### DATA LISTING

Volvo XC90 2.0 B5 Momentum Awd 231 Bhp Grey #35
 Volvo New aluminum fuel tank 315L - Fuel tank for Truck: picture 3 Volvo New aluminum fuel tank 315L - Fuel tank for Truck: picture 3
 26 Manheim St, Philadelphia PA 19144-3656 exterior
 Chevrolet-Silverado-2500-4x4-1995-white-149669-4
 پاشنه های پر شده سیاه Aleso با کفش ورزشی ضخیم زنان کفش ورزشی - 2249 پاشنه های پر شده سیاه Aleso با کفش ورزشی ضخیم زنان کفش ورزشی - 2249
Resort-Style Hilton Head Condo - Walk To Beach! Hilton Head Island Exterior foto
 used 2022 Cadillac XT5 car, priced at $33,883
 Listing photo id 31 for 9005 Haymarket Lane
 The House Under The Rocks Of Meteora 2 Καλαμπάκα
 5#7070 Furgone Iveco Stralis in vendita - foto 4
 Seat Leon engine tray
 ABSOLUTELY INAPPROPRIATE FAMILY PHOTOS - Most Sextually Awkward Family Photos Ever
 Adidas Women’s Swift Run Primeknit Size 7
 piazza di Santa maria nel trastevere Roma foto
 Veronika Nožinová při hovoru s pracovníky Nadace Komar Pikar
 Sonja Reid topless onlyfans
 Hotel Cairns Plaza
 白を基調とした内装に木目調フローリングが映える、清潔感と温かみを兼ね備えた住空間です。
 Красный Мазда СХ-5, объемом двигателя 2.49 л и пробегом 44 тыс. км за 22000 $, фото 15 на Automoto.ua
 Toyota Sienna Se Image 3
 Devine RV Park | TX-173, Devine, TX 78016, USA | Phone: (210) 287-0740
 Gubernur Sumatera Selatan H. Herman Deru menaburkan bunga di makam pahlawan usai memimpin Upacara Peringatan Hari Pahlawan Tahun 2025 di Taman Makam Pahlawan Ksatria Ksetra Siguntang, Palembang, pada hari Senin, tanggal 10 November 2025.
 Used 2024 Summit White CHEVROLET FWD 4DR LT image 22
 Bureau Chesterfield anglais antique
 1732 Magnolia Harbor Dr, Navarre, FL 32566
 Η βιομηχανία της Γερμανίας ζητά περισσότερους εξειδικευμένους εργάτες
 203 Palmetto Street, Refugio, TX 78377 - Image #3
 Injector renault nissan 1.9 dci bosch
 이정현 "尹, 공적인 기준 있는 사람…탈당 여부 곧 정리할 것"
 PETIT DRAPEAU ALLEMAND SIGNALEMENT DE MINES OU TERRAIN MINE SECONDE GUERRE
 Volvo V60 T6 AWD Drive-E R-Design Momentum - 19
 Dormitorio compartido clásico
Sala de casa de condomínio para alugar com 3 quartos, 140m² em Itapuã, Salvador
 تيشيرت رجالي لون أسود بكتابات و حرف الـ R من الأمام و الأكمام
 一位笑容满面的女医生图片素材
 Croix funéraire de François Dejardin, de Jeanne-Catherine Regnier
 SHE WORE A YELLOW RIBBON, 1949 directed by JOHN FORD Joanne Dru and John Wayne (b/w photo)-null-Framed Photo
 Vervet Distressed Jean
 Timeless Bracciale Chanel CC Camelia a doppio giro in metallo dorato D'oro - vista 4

### WHAT YOU HAVE TO DO
Exact transcription of the listing is needed, with no line left out.

### RESULT OF THE TASK
Volvo XC90 2.0 B5 Momentum Awd 231 Bhp Grey #35
 Volvo New aluminum fuel tank 315L - Fuel tank for Truck: picture 3 Volvo New aluminum fuel tank 315L - Fuel tank for Truck: picture 3
 26 Manheim St, Philadelphia PA 19144-3656 exterior
 Chevrolet-Silverado-2500-4x4-1995-white-149669-4
 پاشنه های پر شده سیاه Aleso با کفش ورزشی ضخیم زنان کفش ورزشی - 2249 پاشنه های پر شده سیاه Aleso با کفش ورزشی ضخیم زنان کفش ورزشی - 2249
Resort-Style Hilton Head Condo - Walk To Beach! Hilton Head Island Exterior foto
 used 2022 Cadillac XT5 car, priced at $33,883
 Listing photo id 31 for 9005 Haymarket Lane
 The House Under The Rocks Of Meteora 2 Καλαμπάκα
 5#7070 Furgone Iveco Stralis in vendita - foto 4
 Seat Leon engine tray
 ABSOLUTELY INAPPROPRIATE FAMILY PHOTOS - Most Sextually Awkward Family Photos Ever
 Adidas Women’s Swift Run Primeknit Size 7
 piazza di Santa maria nel trastevere Roma foto
 Veronika Nožinová při hovoru s pracovníky Nadace Komar Pikar
 Sonja Reid topless onlyfans
 Hotel Cairns Plaza
 白を基調とした内装に木目調フローリングが映える、清潔感と温かみを兼ね備えた住空間です。
 Красный Мазда СХ-5, объемом двигателя 2.49 л и пробегом 44 тыс. км за 22000 $, фото 15 на Automoto.ua
 Toyota Sienna Se Image 3
 Devine RV Park | TX-173, Devine, TX 78016, USA | Phone: (210) 287-0740
 Gubernur Sumatera Selatan H. Herman Deru menaburkan bunga di makam pahlawan usai memimpin Upacara Peringatan Hari Pahlawan Tahun 2025 di Taman Makam Pahlawan Ksatria Ksetra Siguntang, Palembang, pada hari Senin, tanggal 10 November 2025.
 Used 2024 Summit White CHEVROLET FWD 4DR LT image 22
 Bureau Chesterfield anglais antique
 1732 Magnolia Harbor Dr, Navarre, FL 32566
 Η βιομηχανία της Γερμανίας ζητά περισσότερους εξειδικευμένους εργάτες
 203 Palmetto Street, Refugio, TX 78377 - Image #3
 Injector renault nissan 1.9 dci bosch
 이정현 "尹, 공적인 기준 있는 사람…탈당 여부 곧 정리할 것"
 PETIT DRAPEAU ALLEMAND SIGNALEMENT DE MINES OU TERRAIN MINE SECONDE GUERRE
 Volvo V60 T6 AWD Drive-E R-Design Momentum - 19
 Dormitorio compartido clásico
Sala de casa de condomínio para alugar com 3 quartos, 140m² em Itapuã, Salvador
 تيشيرت رجالي لون أسود بكتابات و حرف الـ R من الأمام و الأكمام
 一位笑容满面的女医生图片素材
 Croix funéraire de François Dejardin, de Jeanne-Catherine Regnier
 SHE WORE A YELLOW RIBBON, 1949 directed by JOHN FORD Joanne Dru and John Wayne (b/w photo)-null-Framed Photo
 Vervet Distressed Jean
 Timeless Bracciale Chanel CC Camelia a doppio giro in metallo dorato D'oro - vista 4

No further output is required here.